Isis, il generale Jean: "Si combatte con le bombe"

Jean: subito un'azione militare di Stati Uniti e Occidente. "Il dialogo non serve"

Il generale Carlo Jean

Il generale Carlo Jean

Roma, 28 luglio 2016 - "Il dialogo interreligioso è certamente politically correct, ma la sua efficienza mi pare molto ridotta". Carlo Jean, ex generale di corpo d’armata e presidente del Centro studi di geopolitica economica è convinto del fatto che esista una guerra di religione prima di tutto fra musulmani. "All’interno del mondo islamico – argomenta – i radicalizzati sono una percentuale minima e i morti sono molto più numerosi dei caduti in Occidente. A differenza di al Qaeda, l’Isis vuole imporre la sharia fondando una specie di rotostato. Ha bisogno di soldi e di territorio? Bene, colpiamolo. Esistono due tesi in proposito. La prima, quella di Olivier Roy, è che la radicalizzazione precede l’islamizzazione. Gilles Kepel è dell’avviso opposto. Questa linea è condivisa dal presidente egiziano Abdel Fattah al Sisi. Nel suo discorso alla facoltà teologica al Azhar del Cairo ha proposto una rilettura dei testi sacri per consentire un’interpretazione più moderna degli scritti fondamentali (Il Corano e gli hadith, i detti) ispirata alla separazione della religione dalla politica". 

Le indagini sui ‘radicalizzati in quindici giorni’ hanno sempre messo in luce che quasi sempre attorno ai cosiddetti lupi solitari c’è una rete. 

"Cercano appoggi. I social network li facilitano".

Pensa anche ai due giovani che hanno sgozzato il viceparroco di Saint-Etienne-du-Rouvray?

"Sembra che il secondo venga dalla Savoia, quindi abitava a centinaia di chilometri dall’altro che viveva in Normandia. La rete annulla queste distanze fisiche e rende più facile l’affiliazione. Con le misure di protezione che adottiamo in Europa ci difendiamo soprattutto dai manovali. Per attaccare i generali occorrerebbero interventi al di fuori dell’Europa".

Quali?

"L’Isis rivendica un attentato? Mandagli mille bombardieri. La prima volta li prenderanno come un aiuto di Allah per chi spinge per la radicalizzazione, alla seconda ci penseranno due volte. Di solito i generali hanno meno voglia di morire dei soldati semplici".
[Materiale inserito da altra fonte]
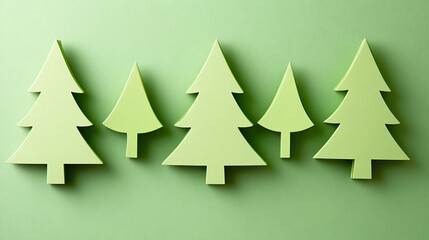Fototapeta premium Five Green Paper Christmas Tree Cutouts on a Green Background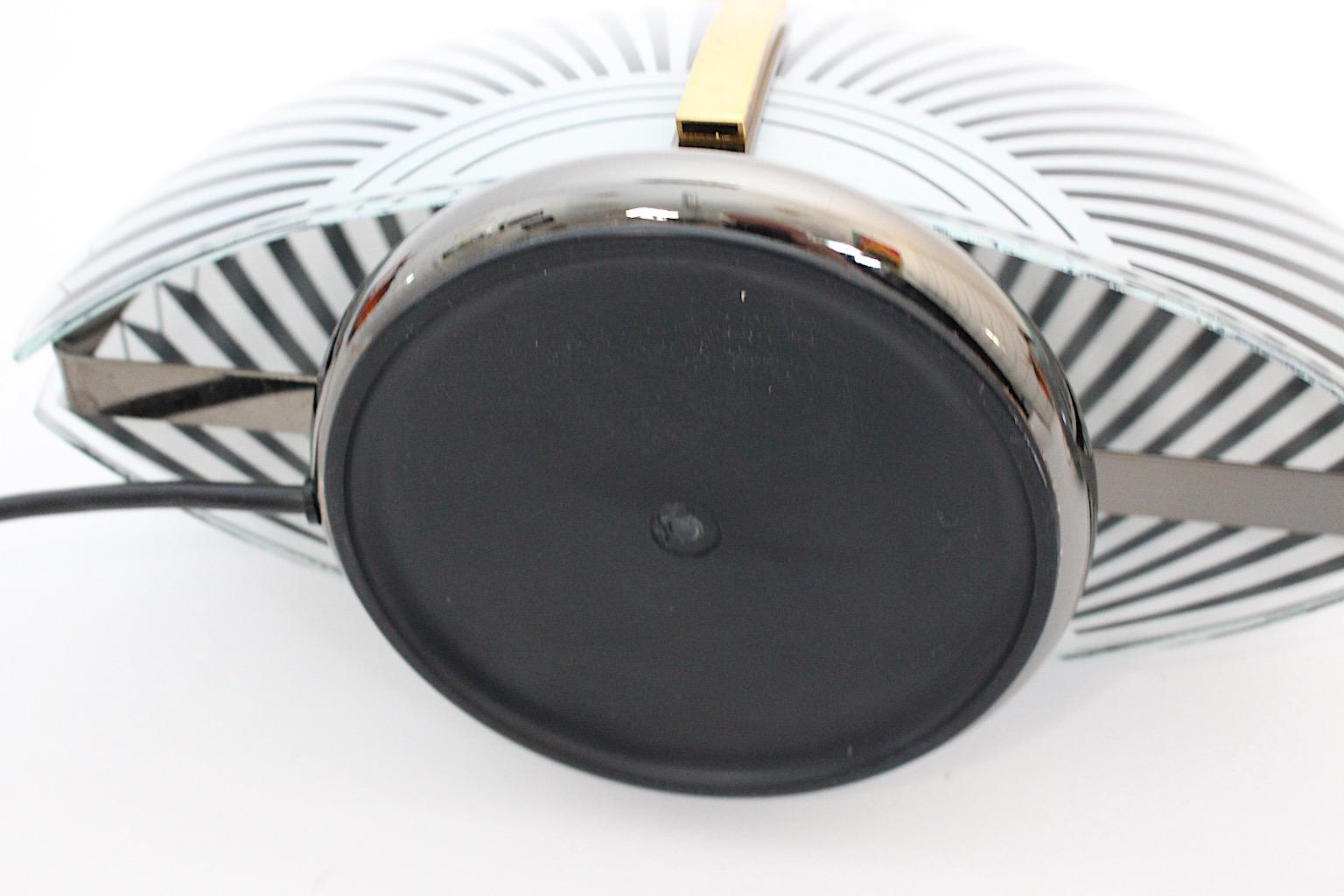 Paire de lampes de chevet The Modernity Lampes de table Noir Blanc Verre 1990 en vente 12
In questo contesto l’Occidente…

"Deve fare un’azione militare guidata dagli Stati Uniti per distruggere i centri di comunicazione e di propaganda. Anche la difesa contro i social network deve essere molto più efficace di quanto non sia ora".

Concretamente come?

"Da un computer parte un messaggio di radicalizzazione? Deve essere neutralizzato. Per esempio con bachi come lo stuxnet che fu mandato da israeliani ed americani per impedire il funzionamento dei sistemi di arricchimento dell’uranio in Iran".

In ogni caso occorrono tempi lunghi?

"Sì, e saranno necessarie le offensive".

Dove?

"In Siria e in Iraq prima di tutto, ma anche in altre zone nelle quali c’è una concentrazione di jihadisti come in Somalia, in Libia, nel Sinai, in Nigeria. Non si possono combattere guerriglieri fanatici, che non hanno paura di morire, con le buone maniere. Al Qaeda è stata distrutta con le offensive. Oltretutto hanno un grosso vantaggio".

Quale?

"Le azioni difensive costano parecchio e comprimono le libertà individuali. A parte il fatto che le persone da controllare sono troppe e sparse sul territorio. Il terrorista sceglie il punto, il tempo e le modalità con le quali attaccare e la difesa di un obiettivo rende immediatamente più aggredibili gli altri. Non ci sarebbero le forze sufficienti per difendere tutto".